Dynamic Event Links with Cloudflare Workers

Another challenge came up as we scaled: How could I share one simple link per city that always redirected users to the latest upcoming event, without manually updating URLs every time?

Ticket Tailor didn’t have this feature out of the box. So I built a lightweight solution using Cloudflare Workers and the Ticket Tailor API.

The logic is simple:

  1. Parse the URL path for a city keyword (e.g., /ottawa)
  2. Call the Ticket Tailor API for all published events
  3. Filter events whose names match the city keyword
  4. Sort by date and redirect to the soonest upcoming event

Here’s the full Worker code:

export default {
  async fetch(request) {
    const API_KEY = "";
    const encodedKey = btoa(`${API_KEY}:`);

    // Extract city keywords from URL path
    const url = new URL(request.url);
    const rawPath = url.pathname.replace(/^\/+/, "").toLowerCase();
    const cityKeywords = rawPath ? rawPath.split("-") : [""];

    const apiUrl = "https://api.tickettailor.com/v1/events?status=published";
    const response = await fetch(apiUrl, {
      method: "GET",
      headers: {
        Authorization: `Basic ${encodedKey}`,
        "Content-Type": "application/json"
      }
    });

    const result = await response.json();
    if (!result.data || result.data.length === 0) {
      return new Response("No published events found.", { status: 404 });
    }

    const now = Date.now();
    const matchingEvents = result.data.filter(event => {
      const name = event.name?.toLowerCase() || "";
      const startTime = new Date(event.start?.iso || 0).getTime();
      return startTime > now && cityKeywords.some(keyword => name.includes(keyword));
    });

    if (matchingEvents.length === 0) {
      return new Response(`No upcoming events found for: ${cityKeywords.join(", ")}`, { status: 404 });
    }

    matchingEvents.sort((a, b) => new Date(a.start.iso) - new Date(b.start.iso));
    const redirectUrl = matchingEvents[0].url;

    return Response.redirect(redirectUrl, 302);
  }
};

This single Cloudflare Worker supports all cities dynamically — no extra code required when we expand. It’s lightweight, fast, and currently powers the city-specific links we share in our marketing channels (e.g., Instagram bios, email campaigns).
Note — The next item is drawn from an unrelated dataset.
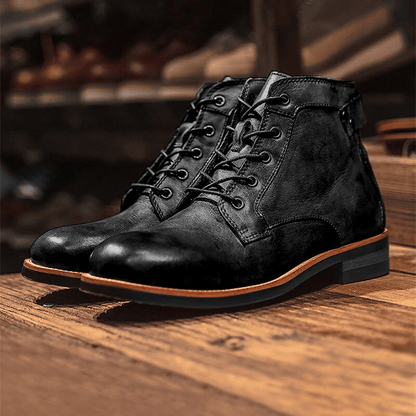 Mens Genuine Leather Waterproof Non-slip Arch Support Vintage Casual Chukka Boots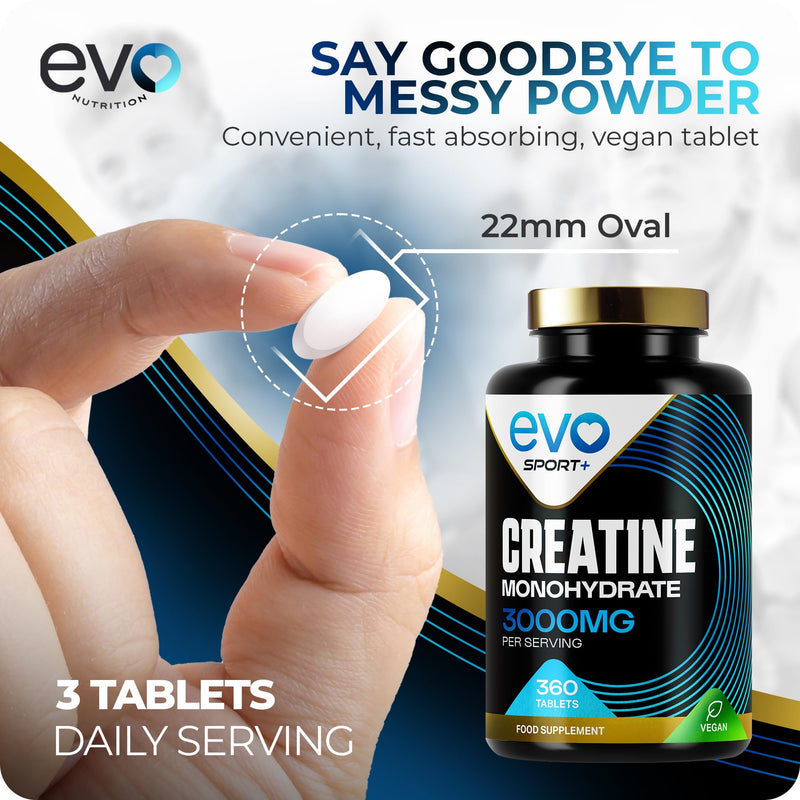 EVO NUTRITION Creatine Monohydrate Tablets 3000mg - 180 Creatine Tablets | Unflavoured Gym Supplement & Powder Alternative for Men & Women | Muscle Mass & Exercise Recovery | Vegan, Keto & Made in UK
Why I Chose Integration Over Rebuilding

I get asked why I didn’t just hire developers and build my own event platform.
The answer is simple:speed, cost, and focus.

  • Rebuilding everything would have taken months and cost tens of thousands.
  • This hybrid no-code + light code stack was up and running in weeks.
  • Each piece (Ticket Tailor, Zapier, Outseta, Cloudflare Workers) is independently scalable.

For a bootstrapped startup, this approach made far more sense.


What’s Next?

We’re currently using one core Zap, but as we expand to more cities, I plan to add:

  • Automated city-specific email sequences
  • Dynamic pricing adjustments
  • Advanced membership segmentation

Rather than reinventing the wheel, I’ll keep strengthening integrations — making the stack smarter without bloating it.


Final Thoughts

You don’t need a dev team to build something powerful. With the right tools, a bit of glue code, and smart architecture, you can create a multi-city, revenue-generating platform that scales.

This stack has allowed me to:

  • Ditch expensive platforms like Eventbrite
  • Automate critical workflows
  • Support multiple cities with minimal maintenance

If you’re curious to see the platform in action, check out National Social Networking Group

And the best part? I built it all myself.